# Work instructions:
From the first line of the records down to the one that holds "Image de Maison", transcribe each line exactly and add nothing.

# Material to process:
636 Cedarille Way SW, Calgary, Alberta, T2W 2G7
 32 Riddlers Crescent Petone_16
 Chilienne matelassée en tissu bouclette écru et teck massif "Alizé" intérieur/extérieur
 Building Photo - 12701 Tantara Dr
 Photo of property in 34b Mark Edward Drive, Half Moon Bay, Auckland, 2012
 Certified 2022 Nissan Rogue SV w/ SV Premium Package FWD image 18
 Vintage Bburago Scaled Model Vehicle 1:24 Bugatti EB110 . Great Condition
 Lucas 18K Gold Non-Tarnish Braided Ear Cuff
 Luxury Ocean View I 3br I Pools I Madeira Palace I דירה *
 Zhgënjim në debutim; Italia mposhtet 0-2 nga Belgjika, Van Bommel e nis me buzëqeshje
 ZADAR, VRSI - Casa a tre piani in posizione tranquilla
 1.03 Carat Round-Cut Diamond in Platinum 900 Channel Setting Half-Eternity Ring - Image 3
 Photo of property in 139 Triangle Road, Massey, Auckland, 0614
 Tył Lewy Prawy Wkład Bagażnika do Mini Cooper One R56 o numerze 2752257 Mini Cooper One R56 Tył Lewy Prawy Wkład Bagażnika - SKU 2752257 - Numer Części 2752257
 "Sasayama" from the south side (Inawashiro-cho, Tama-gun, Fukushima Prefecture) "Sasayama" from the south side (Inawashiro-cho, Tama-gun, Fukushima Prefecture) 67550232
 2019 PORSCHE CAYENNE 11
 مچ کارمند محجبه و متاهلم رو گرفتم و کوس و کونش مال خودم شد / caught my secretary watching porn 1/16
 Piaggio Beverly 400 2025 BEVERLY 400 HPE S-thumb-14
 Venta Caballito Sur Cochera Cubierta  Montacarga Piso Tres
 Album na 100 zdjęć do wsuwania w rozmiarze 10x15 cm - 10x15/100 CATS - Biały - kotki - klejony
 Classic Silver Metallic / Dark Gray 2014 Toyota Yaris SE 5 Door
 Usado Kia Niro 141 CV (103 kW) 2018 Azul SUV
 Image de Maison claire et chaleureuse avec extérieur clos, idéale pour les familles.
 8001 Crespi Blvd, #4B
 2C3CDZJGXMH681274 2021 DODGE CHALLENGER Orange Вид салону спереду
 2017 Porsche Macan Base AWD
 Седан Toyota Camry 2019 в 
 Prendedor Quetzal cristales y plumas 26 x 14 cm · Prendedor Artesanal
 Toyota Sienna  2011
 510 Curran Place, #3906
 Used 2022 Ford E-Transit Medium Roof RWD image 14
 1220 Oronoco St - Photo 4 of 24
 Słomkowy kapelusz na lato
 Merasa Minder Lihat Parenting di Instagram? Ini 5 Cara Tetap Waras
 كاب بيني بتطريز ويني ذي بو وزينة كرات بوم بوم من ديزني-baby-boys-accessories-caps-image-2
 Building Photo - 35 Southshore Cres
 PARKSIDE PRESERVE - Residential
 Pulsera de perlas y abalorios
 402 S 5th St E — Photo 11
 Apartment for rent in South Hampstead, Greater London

# Written answer:
636 Cedarille Way SW, Calgary, Alberta, T2W 2G7
 32 Riddlers Crescent Petone_16
 Chilienne matelassée en tissu bouclette écru et teck massif "Alizé" intérieur/extérieur
 Building Photo - 12701 Tantara Dr
 Photo of property in 34b Mark Edward Drive, Half Moon Bay, Auckland, 2012
 Certified 2022 Nissan Rogue SV w/ SV Premium Package FWD image 18
 Vintage Bburago Scaled Model Vehicle 1:24 Bugatti EB110 . Great Condition
 Lucas 18K Gold Non-Tarnish Braided Ear Cuff
 Luxury Ocean View I 3br I Pools I Madeira Palace I דירה *
 Zhgënjim në debutim; Italia mposhtet 0-2 nga Belgjika, Van Bommel e nis me buzëqeshje
 ZADAR, VRSI - Casa a tre piani in posizione tranquilla
 1.03 Carat Round-Cut Diamond in Platinum 900 Channel Setting Half-Eternity Ring - Image 3
 Photo of property in 139 Triangle Road, Massey, Auckland, 0614
 Tył Lewy Prawy Wkład Bagażnika do Mini Cooper One R56 o numerze 2752257 Mini Cooper One R56 Tył Lewy Prawy Wkład Bagażnika - SKU 2752257 - Numer Części 2752257
 "Sasayama" from the south side (Inawashiro-cho, Tama-gun, Fukushima Prefecture) "Sasayama" from the south side (Inawashiro-cho, Tama-gun, Fukushima Prefecture) 67550232
 2019 PORSCHE CAYENNE 11
 مچ کارمند محجبه و متاهلم رو گرفتم و کوس و کونش مال خودم شد / caught my secretary watching porn 1/16
 Piaggio Beverly 400 2025 BEVERLY 400 HPE S-thumb-14
 Venta Caballito Sur Cochera Cubierta  Montacarga Piso Tres
 Album na 100 zdjęć do wsuwania w rozmiarze 10x15 cm - 10x15/100 CATS - Biały - kotki - klejony
 Classic Silver Metallic / Dark Gray 2014 Toyota Yaris SE 5 Door
 Usado Kia Niro 141 CV (103 kW) 2018 Azul SUV
 Image de Maison claire et chaleureuse avec extérieur clos, idéale pour les familles.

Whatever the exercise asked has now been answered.